*** Task material ***
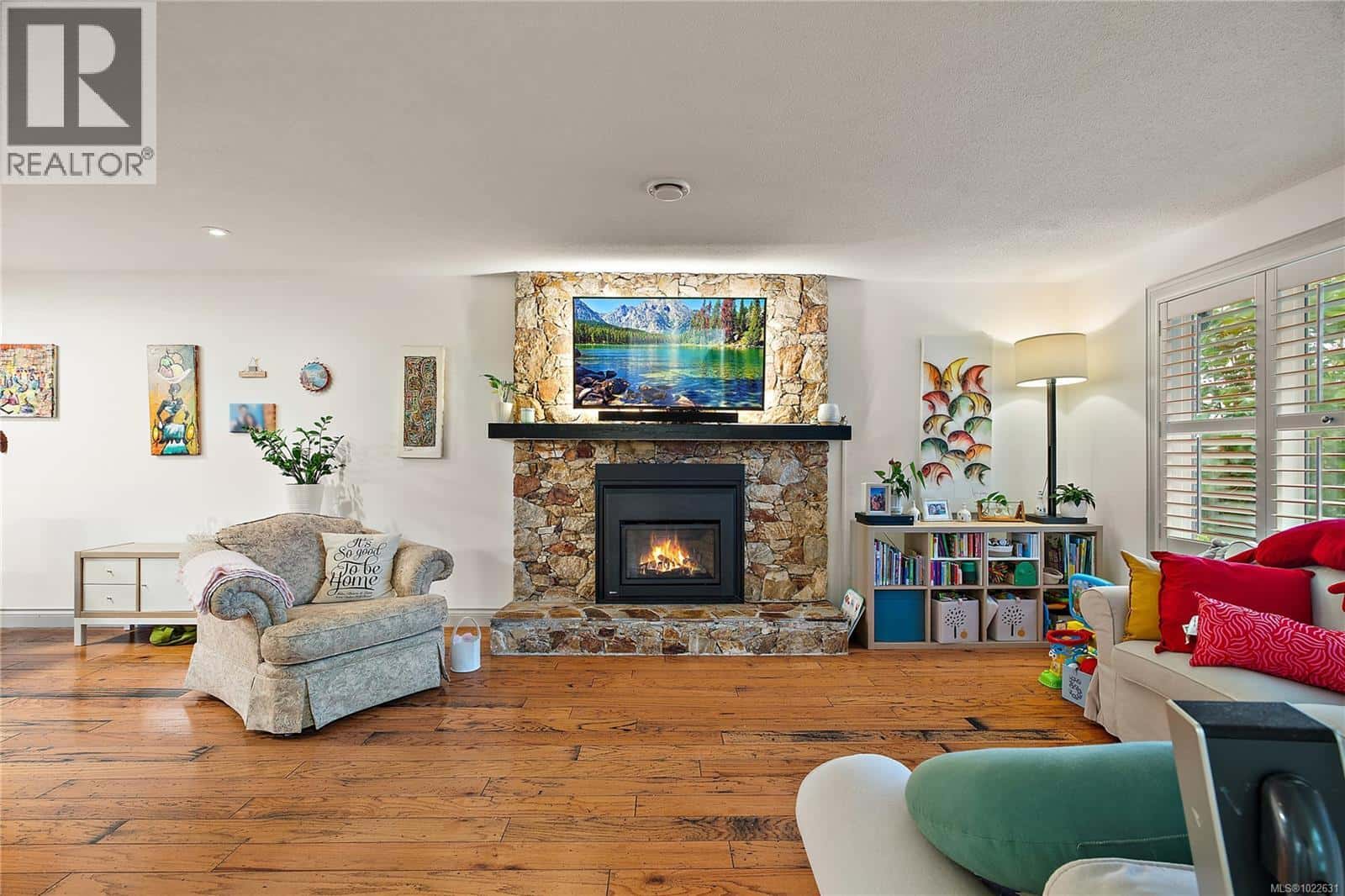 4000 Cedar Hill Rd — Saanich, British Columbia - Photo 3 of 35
*** End of Task material ***
*** Task material ***
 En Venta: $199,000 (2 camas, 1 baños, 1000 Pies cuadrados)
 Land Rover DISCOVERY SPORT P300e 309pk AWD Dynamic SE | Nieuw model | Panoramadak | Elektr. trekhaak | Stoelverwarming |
*** End of Task material ***
▶ Work to complete
Print the lines above from the one with "En Venta: $199,000" through the one with "Land Rover DISCOVERY", both included, exactly as written and nothing more.

▶ Answer for this exercise
 En Venta: $199,000 (2 camas, 1 baños, 1000 Pies cuadrados)
 Land Rover DISCOVERY SPORT P300e 309pk AWD Dynamic SE | Nieuw model | Panoramadak | Elektr. trekhaak | Stoelverwarming |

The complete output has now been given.